Irawady

Monumen didirikan untuk lebih dari 1.300 anggota USDP yang terbunuh

Partai Persatuan Solidaritas dan Pembangunan (USDP) telah kehilangan 1.327 anggota sejak Februari 2021, menurut partai tersebut.

Seorang juru bicara partai, Daw Ya Min Myint Swe, mengatakan kepada RFA bahwa upacara peringatan diadakan di markas USDP di Naypyidaw hari ini, 26 Maret.

“Mereka mengepung sebuah pesta,” katanya. Jika mereka mendukungnya, oposisi akan menuduh mereka membunuhnya. Ini bukan simbol demokrasi, jadi partai kita sudah sangat menderita. “Kami sedang mendirikan sebuah monumen untuk rekan-rekan kami yang telah kehilangan nyawa mereka setelah kekerasan seperti itu.”

Sebanyak 1.327 anggota partai tewas dalam upaya pembunuhan tersebut. Daw Ya Min Myint Swe mengatakan jumlahnya bisa lebih tinggi jika partai mencantumkan pembunuhan, termasuk keluarga anggota partai.

Upacara hari ini dihadiri oleh ketua partai Than Htay dan para pemimpin partai, yang memberi hormat kepada bendera nasional dan menyanyikan lagu kebangsaan. Anggota partai dan anggota keluarga yang kehilangan nyawa; Keheningan selama dua menit dilakukan untuk mengenang mereka yang mendukung partai tersebut. Bendera partai dipotong dua. USDP mengumumkan bahwa upacara pembukaan diadakan di Monumen Dunia.

Asosiasi Bantuan untuk Tahanan Politik (AAPP) mengatakan pada 25 Maret bahwa 1.707 orang telah tewas dalam kegiatan anti-kudeta oleh militer.

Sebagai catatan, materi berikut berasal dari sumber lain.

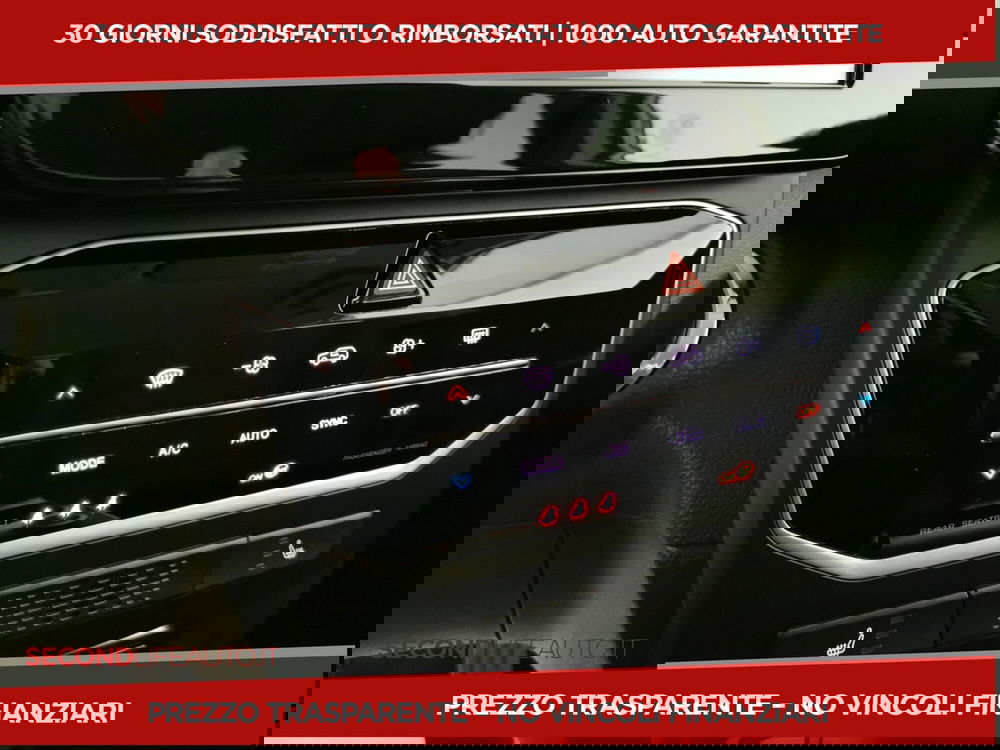 Ssangyong Tivoli usata a Chieti (14)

Liga Nasional untuk Demokrasi (NLD) mengatakan pada 18 Maret bahwa lebih dari 800 anggota partai, termasuk pemimpin tertinggi Liga Nasional untuk Demokrasi (NLD), telah ditangkap sejak kudeta militer.

Pada saat penangkapan, 16 anggota partai tewas selama penyiksaan selama interogasi dan perawatan medis yang tidak memadai di penjara.